**Records shown**.
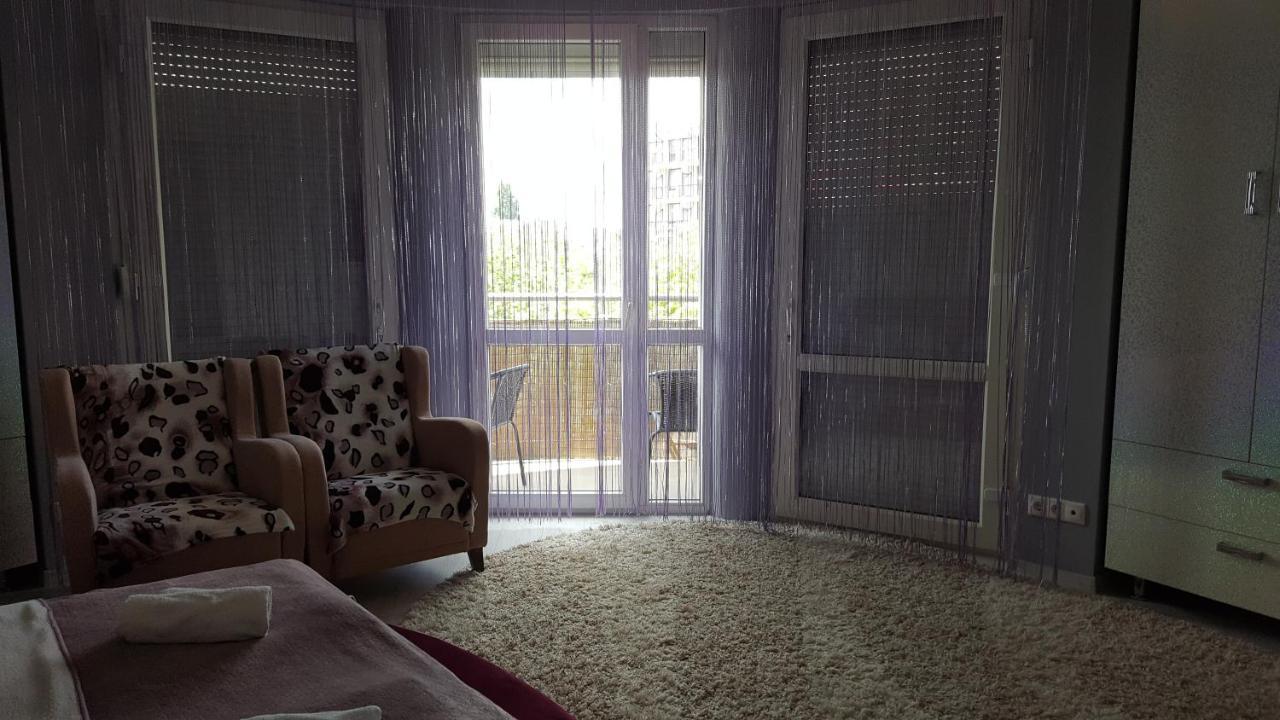 Paris-Lux. Apartment Hajdúszoboszló Екстериор снимка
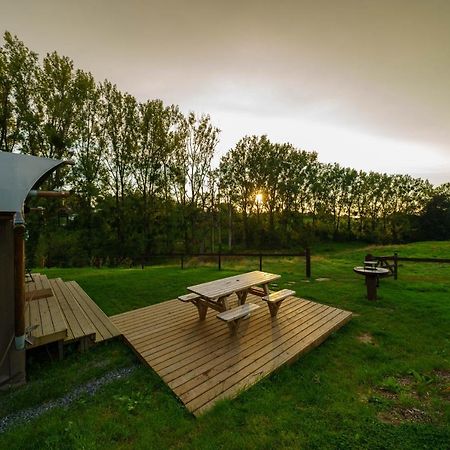 Le Relais D'Artagnan - Relais Equestre Hotell Mortier Exteriör bild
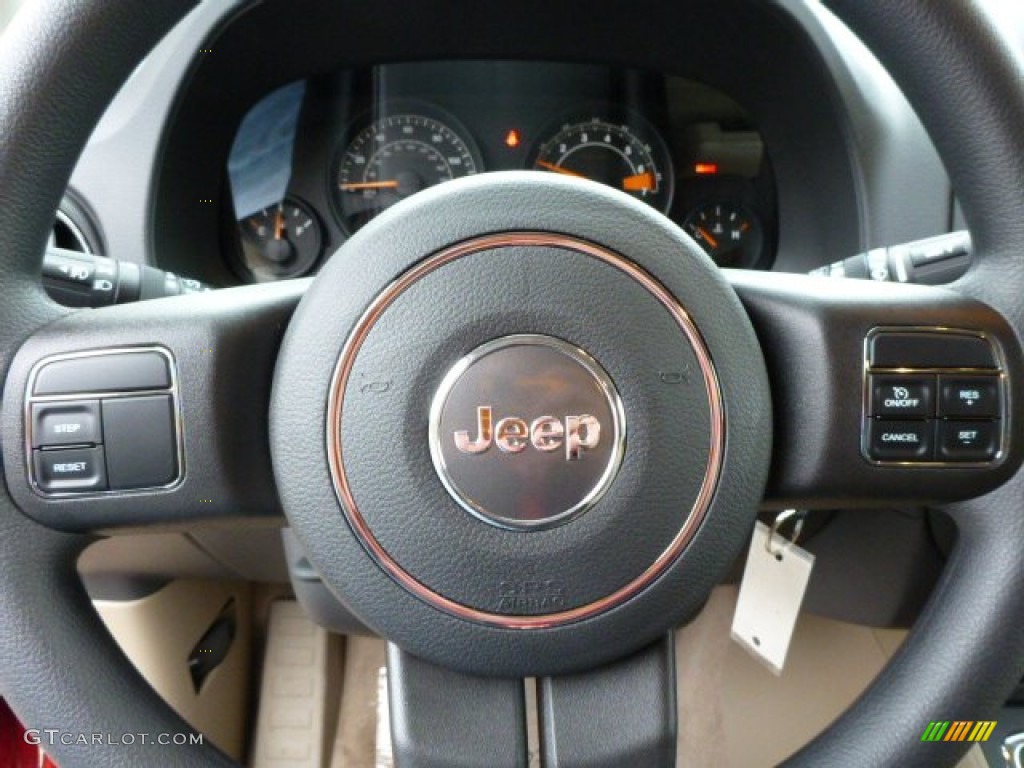 2014 Jeep Compass Sport 4x4 Dark Slate Gray/Light Pebble Steering Wheel Photo #78767094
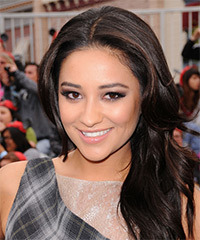 Shay Mitchell Hairstyle - click to view hairstyle information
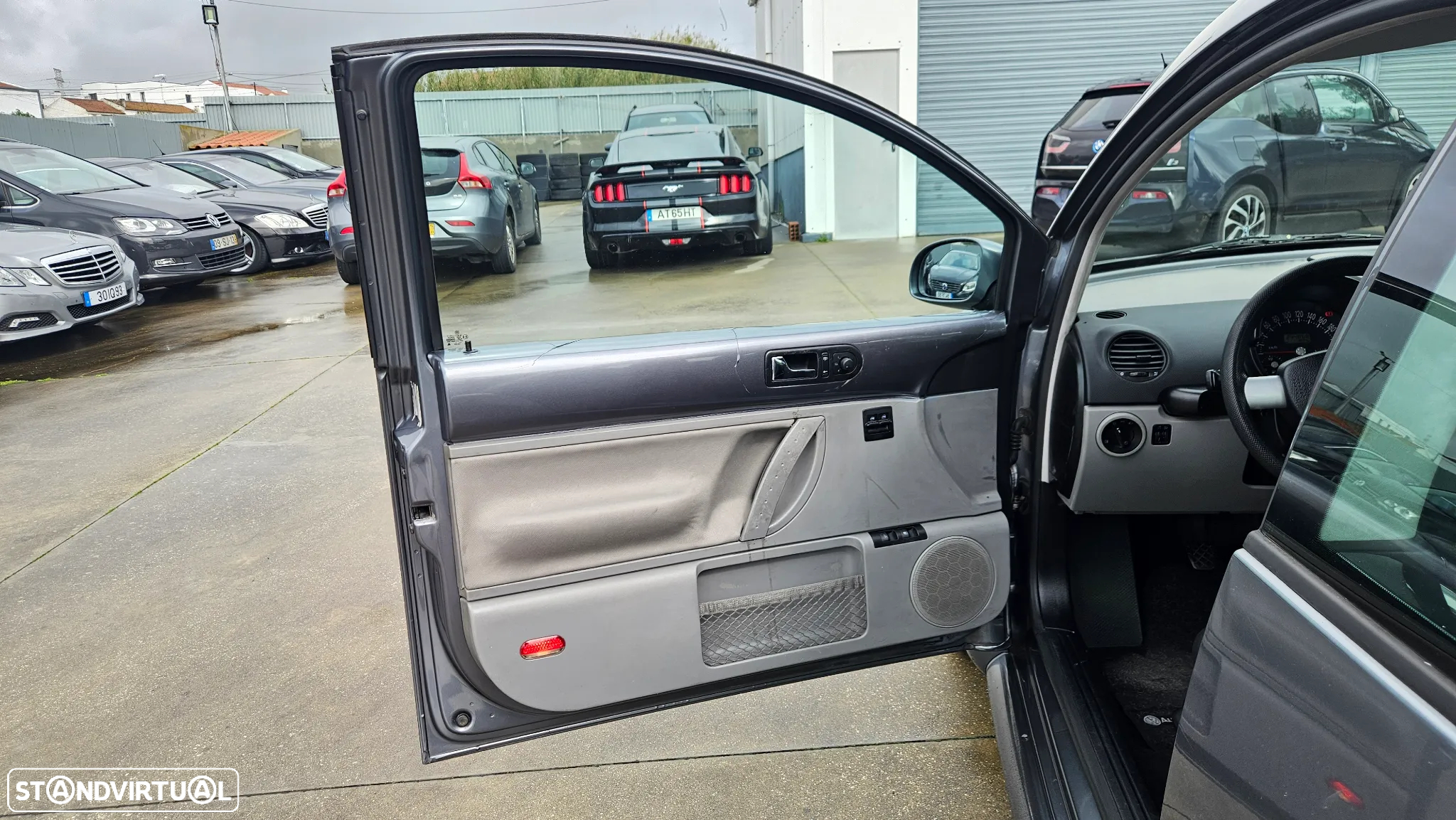VW New Beetle 1.4 - 10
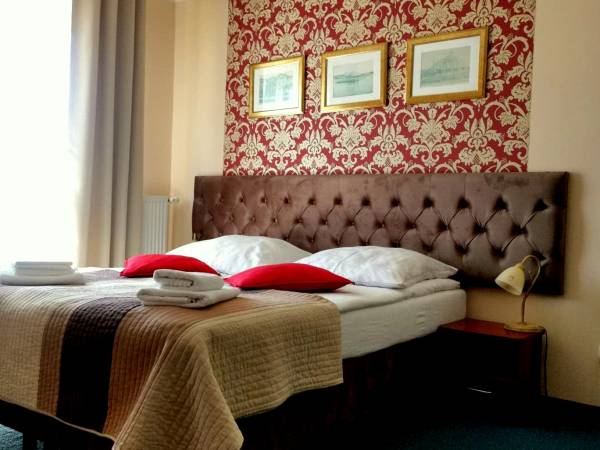 Willa Karmazynowa Przystań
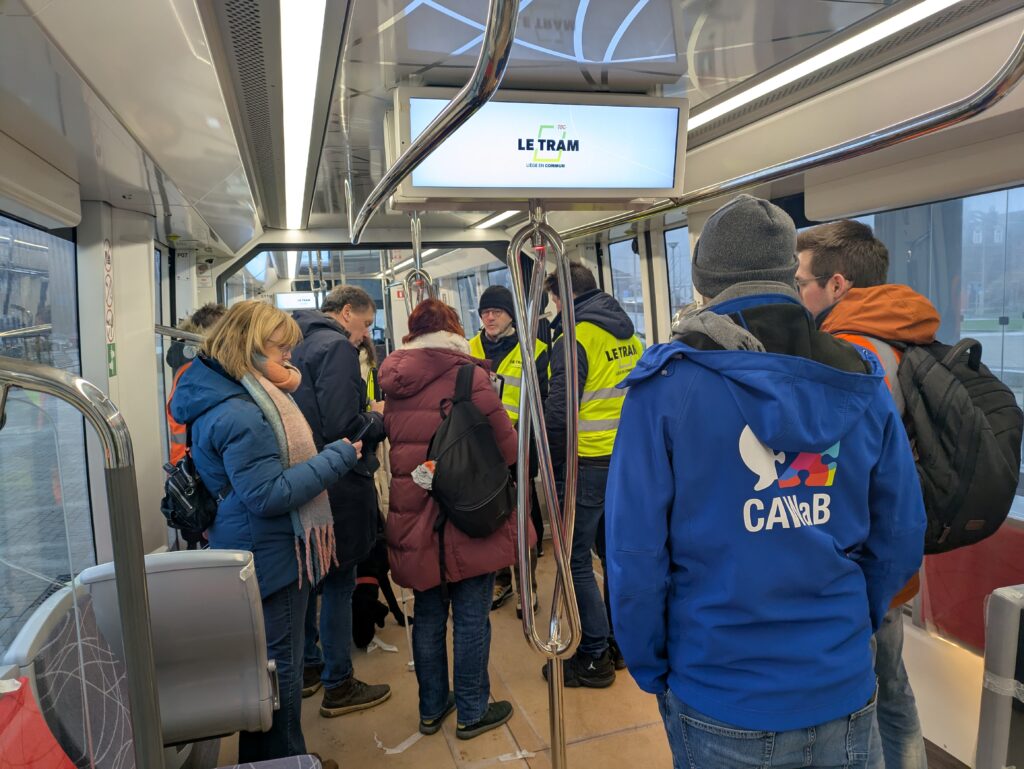 des gens testant le tram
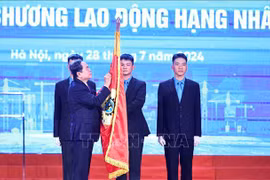 Le président de l'Assemblée nationale, Tran Thanh Man, a décerné l’Ordre du travail de première classe à la Confédération générale du travail du Vietnam. Photo : VNA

**Problem details**. Would you write out the material above in full, exactly as given, except for its pictures?

**Solution to this task**.
 Paris-Lux. Apartment Hajdúszoboszló Екстериор снимка
 Le Relais D'Artagnan - Relais Equestre Hotell Mortier Exteriör bild
 2014 Jeep Compass Sport 4x4 Dark Slate Gray/Light Pebble Steering Wheel Photo #78767094
 Shay Mitchell Hairstyle - click to view hairstyle information
VW New Beetle 1.4 - 10
 Willa Karmazynowa Przystań
 des gens testant le tram
 Le président de l'Assemblée nationale, Tran Thanh Man, a décerné l’Ordre du travail de première classe à la Confédération générale du travail du Vietnam. Photo : VNA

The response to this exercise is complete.